Moonshining. That’s where it came from. So we had to pick a car to run moonshine, and I picked the 76 Coupe DeVille because listen to me, what else should I be driving? So I get this big car, and do you know the reason I picked that car? I figure if we’re gonna be in the woods doing stuff, we’re probably gonna have to sleep in the cars and I know I can lay out in that car. I know I can lay out in the back seat so that’s why I got it because that thing was a monster. So I got this Coupe DeVille and one of the challenges we had was there was a motocross track, this little off-road track and the moonshiners would evade the police by going through the woods so we had to go on the motor-cross track. So I’m looking at it and I’m like it’s not gonna make that, it’s not gonna make that, the big girl is gonna get stuck here. And right before you go up this little ramp, this little dirt bike ramp, where you’re supposed to go up and over and everything, there’s water. You gotta go through water. And I’m like, if I get stuck in that water, there’s no way I’m gonna get out and come up that hill. So I just put my foot on the floor and hung on and I lifted and it turns and I was still sliding this thing around. It’s on bald tires. It’s old and tired, but it’s giving me everything it’s got. I punched it going right through the water and I go up the ramp and all of a sudden it got real quiet...for a long time. And we were shooting in North Carolina, and way off in the distance I hear, “Yee Haw”! Then BOOM! I hit the ground and I bent the whole front clip of the car. You can see it online. It’s called “Flying Coupe DeVille”, and it’s bent. I bent the whole thing. There was not one jar of moonshine that survived it all. It all cracked and everything broke. And then the stunt driver came up to me afterwards and his face was all white. He just looked at me went, “Duuuuude!”
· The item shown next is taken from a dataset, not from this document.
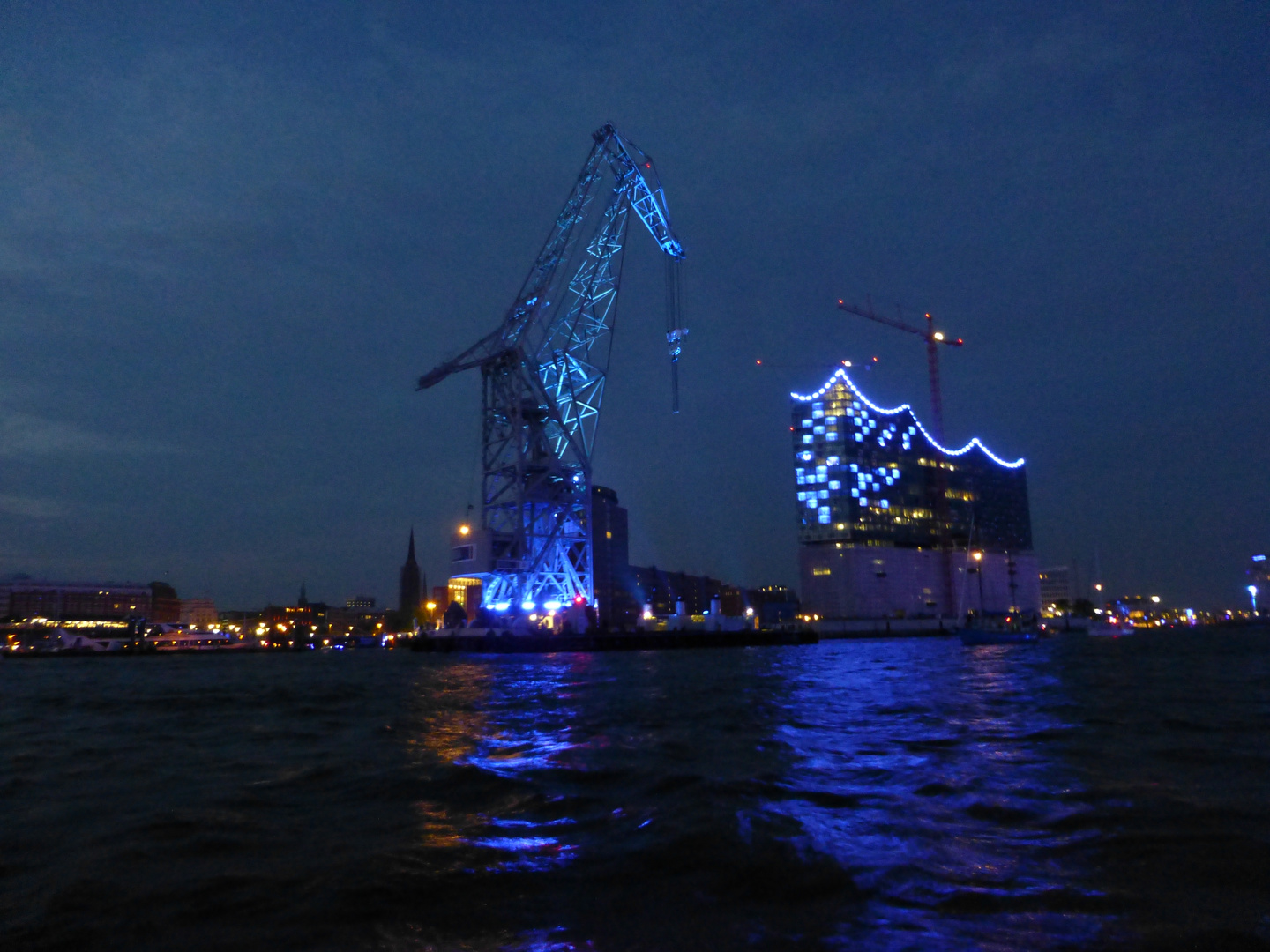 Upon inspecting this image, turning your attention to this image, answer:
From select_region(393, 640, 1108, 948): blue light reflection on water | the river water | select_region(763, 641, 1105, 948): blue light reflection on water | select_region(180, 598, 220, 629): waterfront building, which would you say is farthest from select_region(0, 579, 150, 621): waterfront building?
select_region(763, 641, 1105, 948): blue light reflection on water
Tell me about your new podcast.


It’s called “30 Minutes You’ll Never Get Back”. Here’s basically the show in a nutshell. When I was a kid the best night sleep so I ever had is when I was upstairs and I heard my mom and dad and their friends downstairs laughing. Don’t know why that always brought me comfort. So I started with a feeling. That’s the feeling I wanna communicate in this podcast because they’re important to me on the road because they keep me company. So my show opens with me, my wife, my best friend and my producer pal talking about a topic that connects to a one on one interview that I’ve done with the celebrity. And then like any group of friends we talk about them when they leave. So then we do another 15 minutes about, “Did you hear when Nathan Lane said that”, you know, so it’s like you’re coming over my house, somebody comes over and then we talk about it when they leave. So that’s the whole show. And I’ve been so fortunate to have such a wide array of guests of people that I want to talk to. I mean, like I mentioned Nathan Lane did one for me, Billy Gibbons from ZZ Top, Ann Wilson from Heart, Gabriel Iglesias and Brian Regan has done a couple. So I get to talk to all the people I want. I even had an FBI agent that worked on the (Ted) Bundy case. I had him on and that was creepy. I had Katie Coleman, the astronaut on. She lived in a space station for six months and she plays the flute. She was in space and she played the flute with Ian Anderson from Jethro Tull. He’s on earth, she’s in space and they’re doing a duet! I’ve done nothing with my life.